# The Future Of Jack Stands



## Derekh929 (Aug 28, 2011)

Well as soon as I seen this I thought perfect for me , what do you think?

http://speedsociety.com/the-future-of-jack-stands-new-design-is-a-possible-life-saver/


----------



## Soul boy 68 (Sep 8, 2013)

That looks like a great piece of kit Derek :thumb: I could do with a set of these, I was never confident of using the traditional jack stands.


----------



## Derekh929 (Aug 28, 2011)

Soul boy 68 said:


> That looks like a great piece of kit Derek :thumb: I could do with a set of these, I was never confident of using the traditional jack stands.


I just worried when was on chuckies on drive and not on Jack point with this I can use my jack pads I make from hockey pucks for our cars , I will be getting a set of these as soon as available, knowing my luck they are usually only sold in US


----------



## Soul boy 68 (Sep 8, 2013)

Derekh929 said:


> I just worried when was on chuckies on drive and not on Jack point with this I can use my jack pads I make from hockey pucks for our cars , I will be getting a set of these as soon as available, knowing my luck they are usually only sold in US


Let's hope there will be a UK distributor at some point.


----------



## Derekh929 (Aug 28, 2011)

Seems there is other patents pending

https://www.google.co.uk/search?rlz...10k1j0i10k1.pMhrK5s14nI#imgrc=gypidq0cfekwqM:

Seems 1 of the stands in $130 so to expensive in uk for them to take off IMHO


----------



## Soul boy 68 (Sep 8, 2013)

Derekh929 said:


> Seems there is other patents pending
> 
> https://www.google.co.uk/search?rlz...10k1j0i10k1.pMhrK5s14nI#imgrc=gypidq0cfekwqM:
> 
> Seems 1 of the stands in $130 so to expensive in uk for them to take off IMHO


That works out at nearly £100 each :doublesho


----------



## Derekh929 (Aug 28, 2011)

Soul boy 68 said:


> That works out at nearly £100 each :doublesho


Yes at that price I'm out would need to be £109 a pair max for me, also the top part needs to be thinner to get under lower cars or its limited to low entry jack


----------



## baxlin (Oct 8, 2007)

TBH, although some will say safety is worth any price, which I concede it is, I'm not sure this isn't a case of creating a product then creating a market, and I agree with the low height comment.

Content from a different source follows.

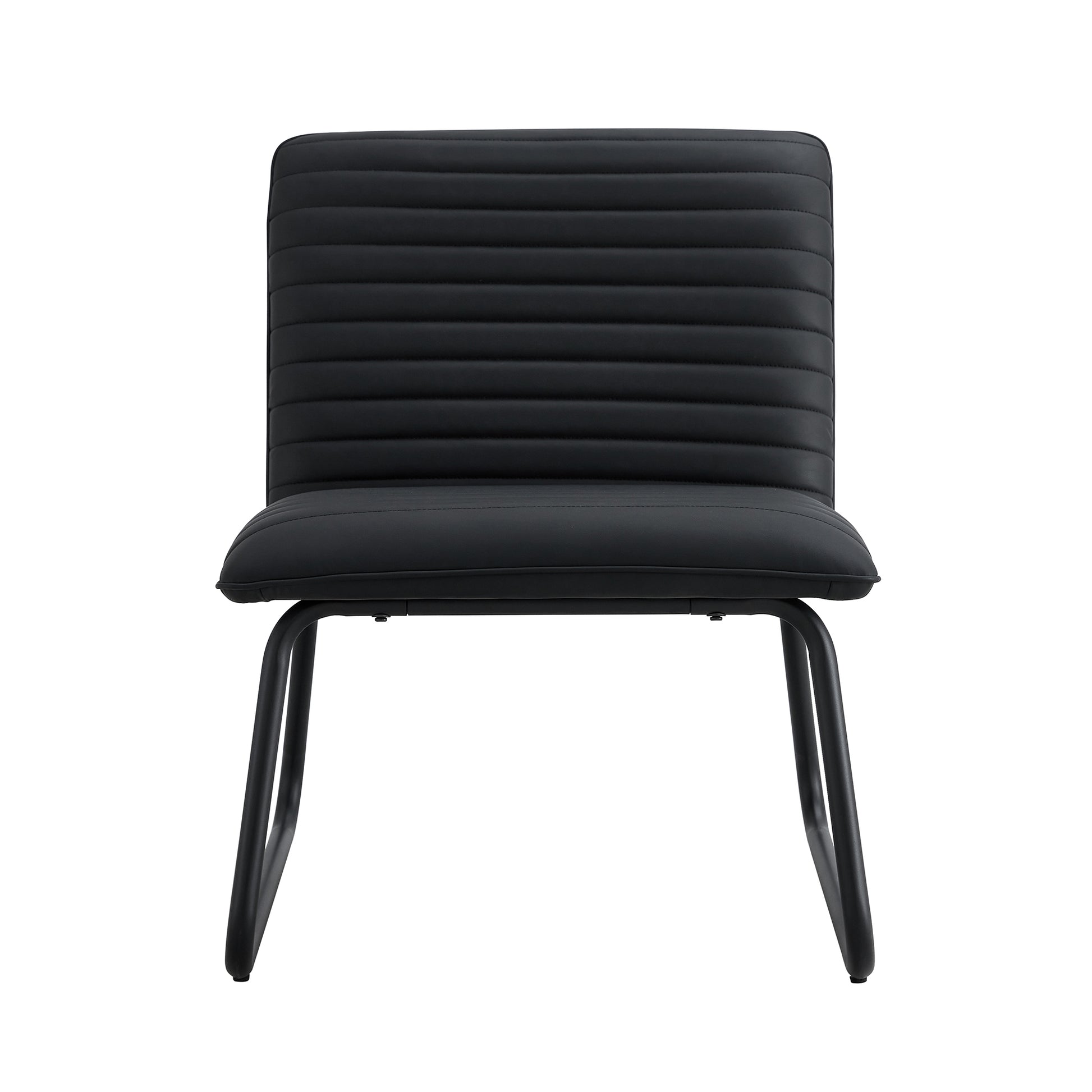 Black Minimalist Armless Sofa Chair With Pu Backrest, Paired With Black Metal Legs, Suitable For Offices, Restaurants, Kitchens, And Bedrooms Black Metal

I don't like to jack a car up by the jacking points, unless it's just to change a wheel, when I don't have my trolley jack or axle stands with me anyway, and I don't get under the car then either.

I use ramps wherever possible, but if I have to jack the car up, I site the jack elsewhere, such as under a suspension part, which leaves the jacking points free for the axle stands, so I think I'll save my 200 quid.


Edit: looking at the vid again, it seem you still have to lower the jack to settle the car on the stand, a criticism in the text of the usual method? An improvement of the design would be to have ratchets in the stand's posts, so the stand would find its own level. 

So turning their comments around (with tongue firmly in cheek), this would save faffing about with the height adjustment with your hands part way under a car on a potentially unsafe jack......


----------



## Cookies (Dec 10, 2008)

What about a slightly less engineered solution. 




If it works, it works. 

Cooks

Sent from my D6603 using Tapatalk


----------



## Yellow Dave (Apr 5, 2011)

Are there many cars that don't have suitable points to position axle stands as well as the generic cill jacking point? 

Although I can see it's merits it takes hardly any time to place an axle stand under a suitable structural part of the suspension mount. I know some for short peroids will leave the car sitting on the jack but this overtime does lead to failure of your jacks hydraulics.


----------



## Derekh929 (Aug 28, 2011)

Yellow Dave said:


> Are there many cars that don't have suitable points to position axle stands as well as the generic cill jacking point?
> 
> Although I can see it's merits it takes hardly any time to place an axle stand under a suitable structural part of the suspension mount. I know some for short peroids will leave the car sitting on the jack but this overtime does lead to failure of your jacks hydraulics.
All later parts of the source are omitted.